С самой первой неудачной попытки прорвать заграждение Мехмед ломал себе голову, как овладеть Золотым Рогом. Горькое поражение заставило его действовать без промедления. Пока 20 апреля бушевал морской бой, бомбардировка стен не прекращалась. 21-го числа она возобновилась еще беспощаднее, чем прежде. За день была разрушена большая башня в долине Ликоса, называвшаяся Вактатинской, рухнула и большая часть наружной стены под нею. Если бы турки тогда же пошли на общий штурм, защитники, как они сами считали, не смогли бы их удержать. Но в тот день султана не было на стенах; и никто не отдал приказа к атаке. После наступления темноты пролом заделали с помощью балок, земли и щебня.
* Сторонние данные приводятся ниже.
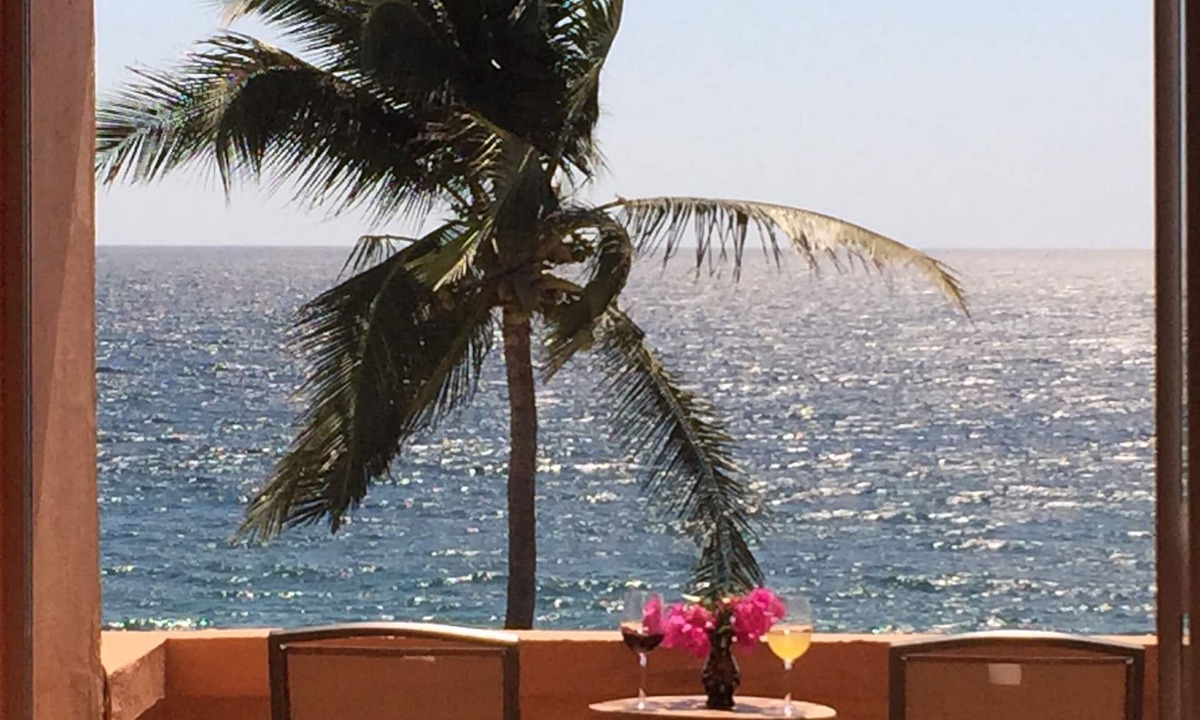 Manzanillo Condo | 🌅OCEANFRONT! 🚢 PENTHOUSE VIEW! 🏖 GREAT LOCATION! ⚓️ GREAT RATES!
Мехмед провел день у Двойных Колонн. Его изобретательный ум нашел выход из затруднения. Один итальянец на службе у султана, вероятно, предложил ему перевезти корабли по суше. Венецианцы во время одной из своих недавних ломбардских кампаний триумфально доставили целую флотилию на колесных платформах из реки По на озеро Гарда. Но там перед ними лежала равнина. Перевозить корабли из Босфора в Золотой Рог через горную гряду, которая нигде не опускалась ниже двухсот футов над уровнем моря [63], было куда сложнее. Султану для этого не хватало ни людей, ни материалов. В первые дни осады его инженеры начали строить дорогу, которая, по всей видимости, проходила от Топхане вверх по крутому склону долины в сторону нынешней площади Таксим, затем забирала немного левее и спускалась по долине ниже современного британского посольства к низменности у Золотого Рога, которую византийцы называли Долиной Источников, теперь она зовется Касымпаша. Если моряки в Золотом Роге или жители Перы заметили строительство дороги, они, безусловно, предположили, что султан просто хочет иметь более легкий способ добираться до своей военно-морской базы у Двойных Колонн. Туда свезли древесину для изготовления колесных стапелей для кораблей и своего рода откаточного пути; были отлиты металлические колеса и собрано немало волов. Между тем несколько орудий разместили в Долине Источников.